Listeners feast on Belshazzar at the opening of the Grant Park Music Festival

By M.L. RANTALA
Classical Music Critic

Summer has arrived and with summer comes the Grant Park Music Festival (GPMF). It was a pleasant evening on the 13th of this month when Carlos Kalmar walked on stage to conduct the Grant Park Orchestra and Chorus for the opening night of the 84th season of the festival. In addition to the large audience in the seats at the Jay Pritzker Pavilion and in the Great Lawn at Millennium Park, opening night was broadcast live on WFMT and streamed on wfmt.com.

After a few minutes of speechifying by some folks who aren’t musicians of any kind, Kalmar, who serves as artistic director and principal conductor of the GPMF, walked to the podium with a big smile on his face, clearly ready and eager for another season of ten weeks of free concerts.

The concert opened with the national anthem. It used to be that a decent performance of the Star Spangled Banner was enough to demonstrate sincerity, but times have changed. It has become necessary at the GPMF (and some other places) that the musicians themselves must stand while playing the anthem. The peculiarity of this is heightened when you see cellists trying to keep their instruments steady as they are perched on the seat of a chair. But the audience didn’t seem to mind at all, and sang along, some with full-throated enthusiasm.

The concert opened with a short work by Sean Shepherd, an American composer born in 1979 in Nevada. “Magiya” (which the composer describes in his program notes for the composition as meaning a specific Russian sense of magic, or a kind of magic “that often gets no explanation or justification, a sort of ‘normal,’ everyday magic”) was written in 2013.

This eight-minute work employs a big orchestra, including a large raft of percussion, particularly tuned percussion. It does at times capture a magical sense, but it always seemed far more like Las Vegas than St. Petersburg, more Liberace than “Petrushka”. Sometimes the long, large phrases seemed like big gulps of music disconnected from a central idea, but for the most part it held the listeners’ attention. Shepherd himself took a bow at the end of the performance.
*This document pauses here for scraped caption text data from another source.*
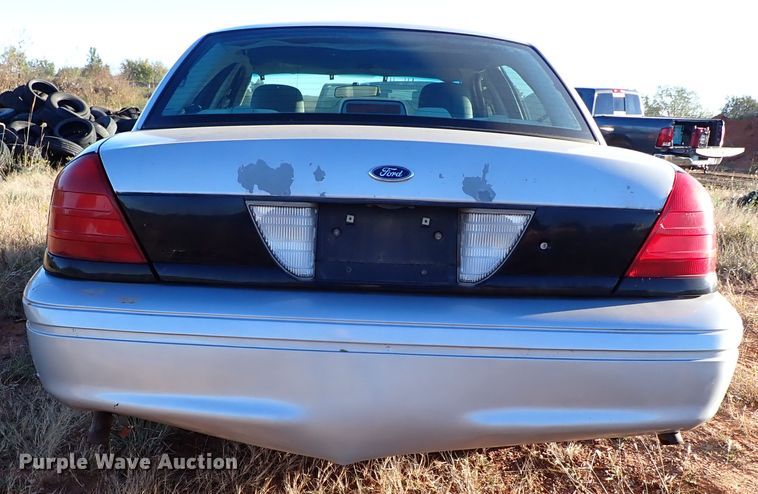image for item IC9572 2003 Ford Crown Victoria Police Interceptor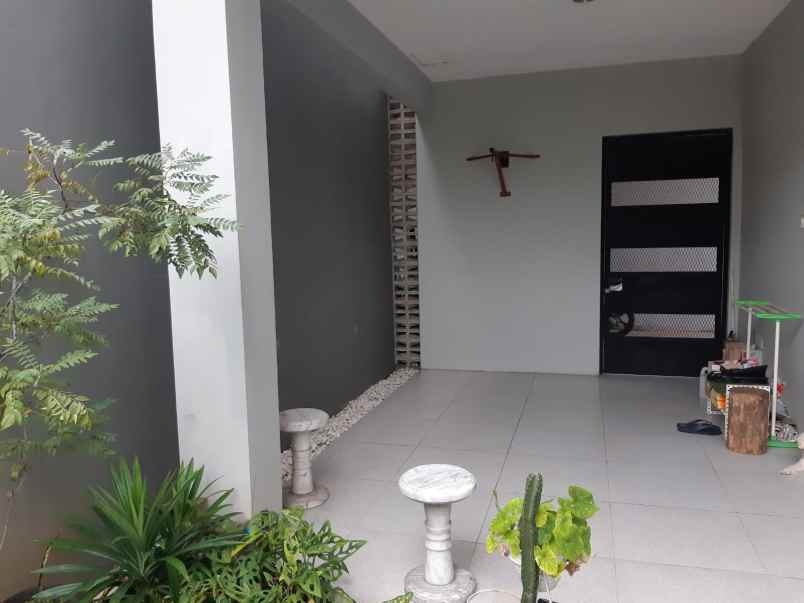 dijual cepat rumah bagus 2 lantai fullfurnish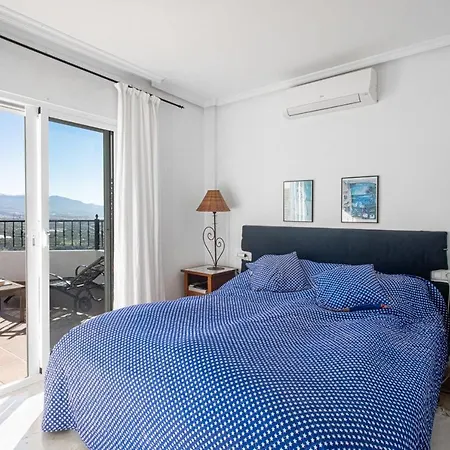 Nyaraló Sofia Nerja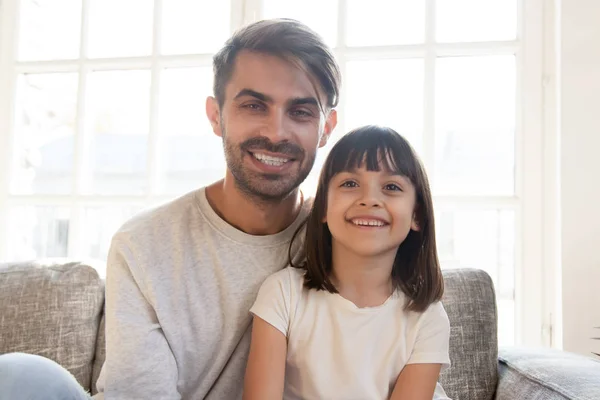 Padre e hija hablando con amigos o familiares usando webcam — Foto de Stock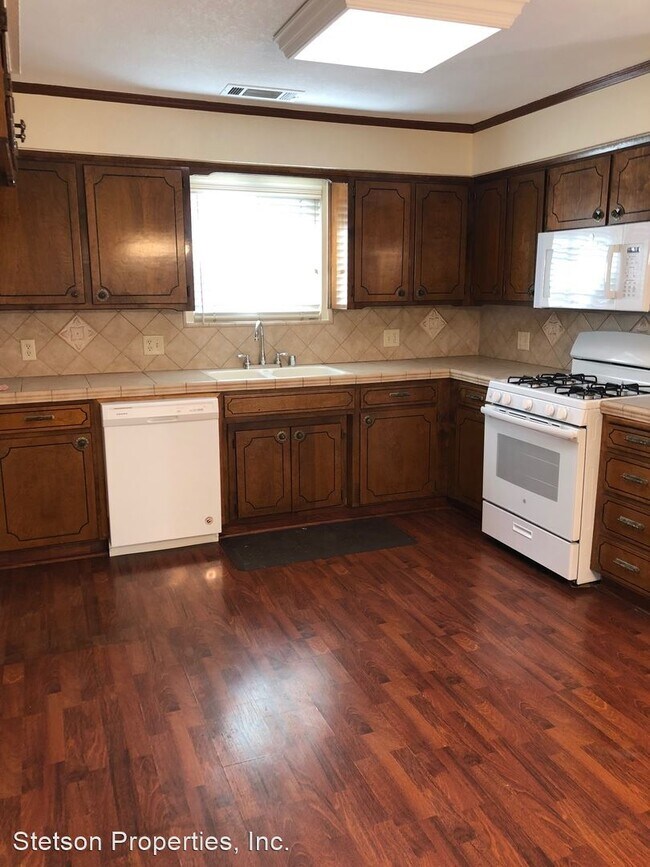 Foto del edificio - 3 br, 2 bath House - 256 Chestnut Street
Next up was the Symphony No. 99 in E-flat Major by Franz Joseph Haydn. One of the so-called London Symphonies (because they were composed in London or composed in Vienna specifically for a London performance), Symphony No. 99 is the first Haydn symphony to include clarinets.

Kalmar gave the opening slow movement an ingratiating quality, the music was sweet and smooth and always sounded pretty. The rapid section was enjoyably frisky. The second movement was also characterized by attractive sound.

The hymn-like theme of the third movement was nicely realized by the orchestra, which enveloped the music in velvet. The all-woodwind section was pleasing. The final movement featured clear articulation, even when the tempo reached a rollicking pace. It was a good, solid performance, even if the music never quite caught fire.

The concert concluded with William Walton’s “Belshazzar’s Feast,” the high point of the evening. It is an oratorio based on four scenes from the Bible: the captivity of the Israelites in Babylon, the grand feast in Belshazzar’s court, the handwriting on the wall and death of Belshazzar, and the jubilation of the Israelites when they are freed.

Bass-baritone Dashon Burton served as soloist, and offered a marvelous performance. He had heft and he had clarity. His phrasing and diction were admirable and his tonal quality was rich and appealing.

The Grant Park Chorus, prepared by Christopher Bell, was magnificent. The work opened with the crisp and precise singing of the men that instantly grabbed your attention. Throughout, the choir had both wonderful balance and a splendid depth of sound.

Kalmar coaxed fine work out of the orchestra, which provided great color to the dramatic story. It was a solid way to open the season.

The GPMF continues through Aug. 18 at the Jay Pritzker Pavilion at Millennium Park. Tonight the orchestra performs Schubert’s Symphony No. 3 along with works by Roussel, Nielsen, and Griffes. The Dvorack Cello Concerto is on the program on the 29th and 30th, featuring cellist Johannes Moser. The popular 4th of July concert (conducted by Christopher Bell) will include Gershwin’s “Rhapsody in Blue.”

There are a few concerts that take place away from the Pritzker Pavilion. One of those is on Jul. 19, when the Grant Park Chorus travels to the gorgeous South Shore Cultural Center.

Please note that bags are now searched before you can reach the pavilion or lawn, so add extra time when planning to attend a concert at the festival.